▶ Provided entries:
- Opening Delimiter -

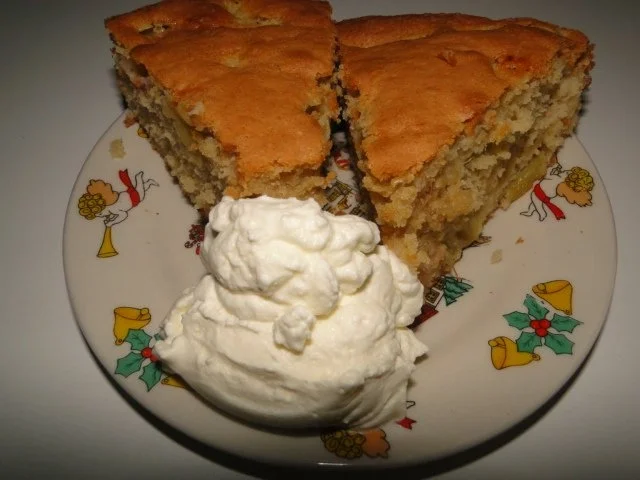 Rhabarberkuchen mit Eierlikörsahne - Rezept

- Closing Delimiter -
- Opening Delimiter -

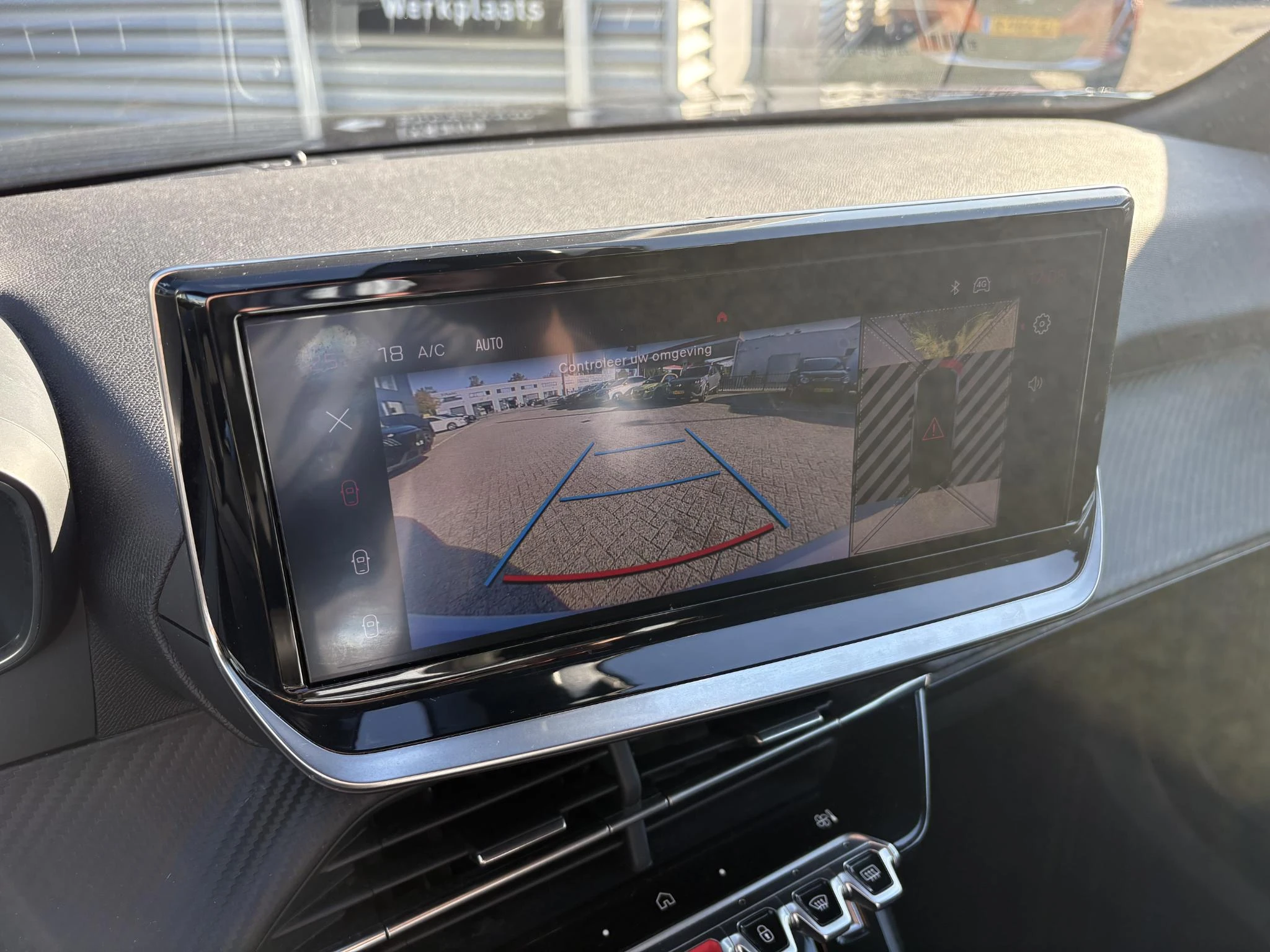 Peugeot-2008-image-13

- Closing Delimiter -
- Opening Delimiter -

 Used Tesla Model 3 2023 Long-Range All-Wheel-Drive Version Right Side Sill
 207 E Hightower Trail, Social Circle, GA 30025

- Closing Delimiter -

▶ Task goal: Every line above from the line with "Used Tesla Model" to the line with "207 E Hightower" is wanted, ends included; write them out exactly and add no other line.

▶ Response for this exercise:
 Used Tesla Model 3 2023 Long-Range All-Wheel-Drive Version Right Side Sill
 207 E Hightower Trail, Social Circle, GA 30025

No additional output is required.